North Korea insists that sanctions be lifted before progress is made in nuclear negotiations. There is also uneasiness between the United States and South Korea over the pace of inter-Korean engagement, which Washington says should go hand in hand with US efforts to denuclearize the North.
South Korea initially stated that joint investigations into North Korean railways would not be a violation of UK sanctions and hoped to start them in October. Seoul then said that Washington had different points of view and that both sides had discussed the issue in a newly created working group.
Even though the North is taking concrete steps towards denuclearization and getting sanctions, experts say the update of North Korean railways and trains, which are slowly crunching along the rails that were built at the beginning of the Twentieth century, would require considerable efforts that can take decades and tens of billions of dollars.

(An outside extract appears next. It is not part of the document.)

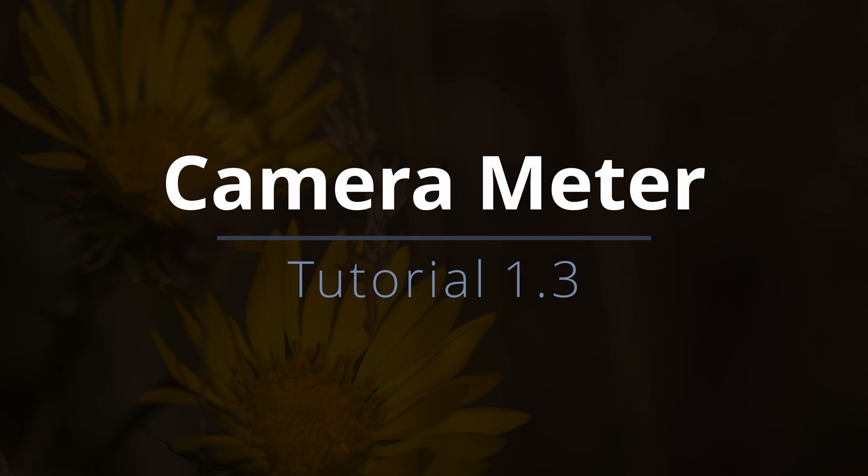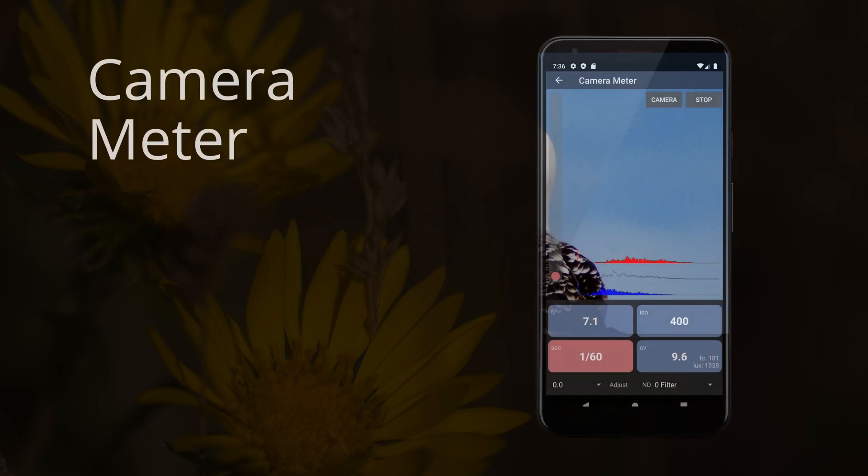The camera meter is a reflected light meter that uses the camera in your device to calculate exposure. It uses the cameras built into your device to give you an accurate measurement of the light reflected from your subject. If you haven't already watched the tutorial on light meters, please do that now.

US sanctions against North Korea have increased considerably since 2016, when Pyongyang stepped up its weapons tests. The measures now include bans on "dual-use" technologies that could potentially be used for the development of weapons, transport vehicles and machinery, as well as fuel import ceilings. Washington's own sanctions against Pyongyang restrict an even wider range of economic activities and target a larger number of companies and individuals.